Another example of a solidly blue state with an embattled governor is Illinois, the 45th-ranked state on our list. Gov. Pat Quinn has struggled with a number of policy challenges, including a particularly difficult state pension outlook. He's facing a strong primary challenge from former White House Chief of Staff Bill Daley and a potentially viable challenge from the GOP.

"If the state's overall economy was improving and the job numbers in particular were trending up, it would make it easier for voters and the news media to overlook the governor's failings as a leader and his inability to move legislation through the legislature, and it could create a more positive, or maybe hopeful, light through which to view the state's glaring budget and pension problems," said Kent Redfield, a political scientist at the University of Illinois-Springfield.

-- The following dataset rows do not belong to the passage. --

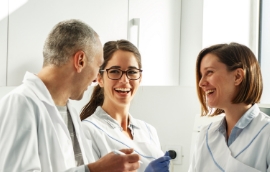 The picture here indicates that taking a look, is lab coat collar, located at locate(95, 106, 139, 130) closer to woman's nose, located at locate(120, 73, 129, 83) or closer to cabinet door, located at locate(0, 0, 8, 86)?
woman's nose, located at locate(120, 73, 129, 83)

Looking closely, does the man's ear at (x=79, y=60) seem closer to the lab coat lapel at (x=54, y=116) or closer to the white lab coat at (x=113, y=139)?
the lab coat lapel at (x=54, y=116)

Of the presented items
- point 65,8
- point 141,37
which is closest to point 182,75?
point 141,37

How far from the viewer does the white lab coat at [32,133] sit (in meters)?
1.00

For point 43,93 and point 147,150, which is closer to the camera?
point 43,93

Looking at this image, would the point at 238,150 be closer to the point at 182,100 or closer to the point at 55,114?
the point at 55,114

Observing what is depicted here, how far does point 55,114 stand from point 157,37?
3.48ft

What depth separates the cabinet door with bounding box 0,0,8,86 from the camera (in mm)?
1341

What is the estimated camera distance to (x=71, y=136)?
137 cm

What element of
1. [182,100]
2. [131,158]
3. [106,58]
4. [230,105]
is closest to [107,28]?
[106,58]

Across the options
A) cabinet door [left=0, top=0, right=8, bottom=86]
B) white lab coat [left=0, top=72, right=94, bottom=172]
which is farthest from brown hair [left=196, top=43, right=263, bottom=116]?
cabinet door [left=0, top=0, right=8, bottom=86]

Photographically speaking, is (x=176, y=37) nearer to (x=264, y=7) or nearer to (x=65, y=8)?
(x=264, y=7)

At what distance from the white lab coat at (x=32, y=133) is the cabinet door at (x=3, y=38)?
0.21 m

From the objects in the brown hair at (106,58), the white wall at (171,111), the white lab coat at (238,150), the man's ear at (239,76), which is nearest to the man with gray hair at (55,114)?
the brown hair at (106,58)

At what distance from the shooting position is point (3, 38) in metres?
1.35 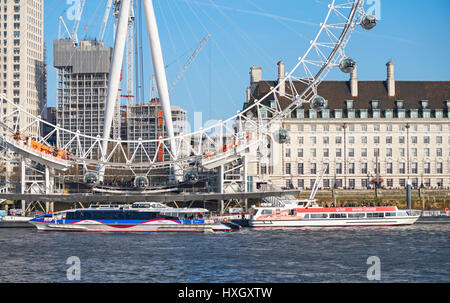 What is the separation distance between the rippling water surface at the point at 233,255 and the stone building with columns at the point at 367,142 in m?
48.3

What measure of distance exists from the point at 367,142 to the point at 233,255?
7794cm

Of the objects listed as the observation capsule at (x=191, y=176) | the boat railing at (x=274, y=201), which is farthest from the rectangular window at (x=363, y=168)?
the observation capsule at (x=191, y=176)

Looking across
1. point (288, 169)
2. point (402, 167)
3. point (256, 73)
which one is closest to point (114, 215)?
point (288, 169)

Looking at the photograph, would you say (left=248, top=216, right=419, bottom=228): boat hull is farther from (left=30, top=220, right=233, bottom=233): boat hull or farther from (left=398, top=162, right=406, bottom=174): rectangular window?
(left=398, top=162, right=406, bottom=174): rectangular window

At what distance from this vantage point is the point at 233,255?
6588 centimetres

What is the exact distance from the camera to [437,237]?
8050 cm

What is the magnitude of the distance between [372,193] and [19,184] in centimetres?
5293

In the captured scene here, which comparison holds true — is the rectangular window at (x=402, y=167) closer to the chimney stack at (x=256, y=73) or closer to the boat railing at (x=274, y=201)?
the chimney stack at (x=256, y=73)

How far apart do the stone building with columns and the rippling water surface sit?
48265 millimetres

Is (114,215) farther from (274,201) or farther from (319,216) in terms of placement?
(319,216)

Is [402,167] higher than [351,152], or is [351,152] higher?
[351,152]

Meanwhile, in Pennsylvania, state Democrats have specifically targeted Gov. Tom Corbett for a job growth rate that lags the national average and for unemployment around or above the national average, said Keegan Gibson, who edits the newsletter PoliticsPA.com. Corbett is now perhaps the most vulnerable Republican governor in the country for 2014.

"Corbett campaigned straightforwardly in 2010," Gibson said. "He said, essentially, if elected he would make tough spending choices that would be painful in the short term but would lead to economic growth in the long run. The average voter has felt the short-term pain, but hasn't yet experienced the long-term benefits."

Other economically struggling states with governors in trouble include Michigan (Republican Rick Snyder) and Rhode Island (where Democrat Lincoln Chafee this month decided not to seek another term).

Rule 2: By contrast, positive economic news can crowd out aspects in a governor's record that are potentially unpopular.

In Minnesota, where the Democrats have had an edge but hardly a monopoly in recent years, Democratic Gov. Mark Dayton has pursued some controversial policies in concert with the Democratic-controlled legislature, including a tax hike. However, thanks to its economy, which is ranked 7th best on our list, Dayton hasn't faced a backlash, enjoying approval ratings of over 50 percent in recent polls, said Steven Schier, a Carleton College political scientist.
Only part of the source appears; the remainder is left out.